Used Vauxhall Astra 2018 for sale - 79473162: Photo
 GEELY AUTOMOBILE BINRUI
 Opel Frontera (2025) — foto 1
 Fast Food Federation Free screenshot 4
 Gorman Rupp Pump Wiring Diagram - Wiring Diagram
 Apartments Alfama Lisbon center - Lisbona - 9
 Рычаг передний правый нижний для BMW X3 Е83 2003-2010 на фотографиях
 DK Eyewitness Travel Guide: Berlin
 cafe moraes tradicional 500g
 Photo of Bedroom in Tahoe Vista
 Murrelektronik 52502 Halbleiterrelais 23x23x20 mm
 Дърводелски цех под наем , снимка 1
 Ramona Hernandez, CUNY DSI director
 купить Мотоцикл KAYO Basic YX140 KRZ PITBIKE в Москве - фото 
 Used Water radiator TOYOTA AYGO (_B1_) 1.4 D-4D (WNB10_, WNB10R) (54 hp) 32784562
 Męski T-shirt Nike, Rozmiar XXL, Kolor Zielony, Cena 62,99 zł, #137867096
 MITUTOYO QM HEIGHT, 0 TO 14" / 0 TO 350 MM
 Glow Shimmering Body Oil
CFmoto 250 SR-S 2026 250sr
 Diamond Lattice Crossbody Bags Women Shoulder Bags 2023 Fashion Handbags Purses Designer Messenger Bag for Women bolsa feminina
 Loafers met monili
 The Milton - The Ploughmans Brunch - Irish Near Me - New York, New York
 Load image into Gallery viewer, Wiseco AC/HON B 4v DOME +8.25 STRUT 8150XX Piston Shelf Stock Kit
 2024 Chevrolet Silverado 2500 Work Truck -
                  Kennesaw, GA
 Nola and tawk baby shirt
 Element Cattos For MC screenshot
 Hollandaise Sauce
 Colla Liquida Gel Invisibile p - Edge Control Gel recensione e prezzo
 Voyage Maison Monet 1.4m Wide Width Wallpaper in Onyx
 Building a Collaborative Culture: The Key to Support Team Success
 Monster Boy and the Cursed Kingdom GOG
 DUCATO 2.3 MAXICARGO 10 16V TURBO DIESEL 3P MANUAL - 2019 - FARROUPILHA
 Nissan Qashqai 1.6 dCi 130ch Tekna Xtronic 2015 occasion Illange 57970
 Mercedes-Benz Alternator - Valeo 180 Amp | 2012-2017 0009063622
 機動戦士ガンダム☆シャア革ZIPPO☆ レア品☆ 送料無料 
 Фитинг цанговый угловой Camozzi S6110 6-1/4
- - -
* Action item: Tally the lines in the listing that hold "Used" and report the number alone.

* Solution to this problem: 2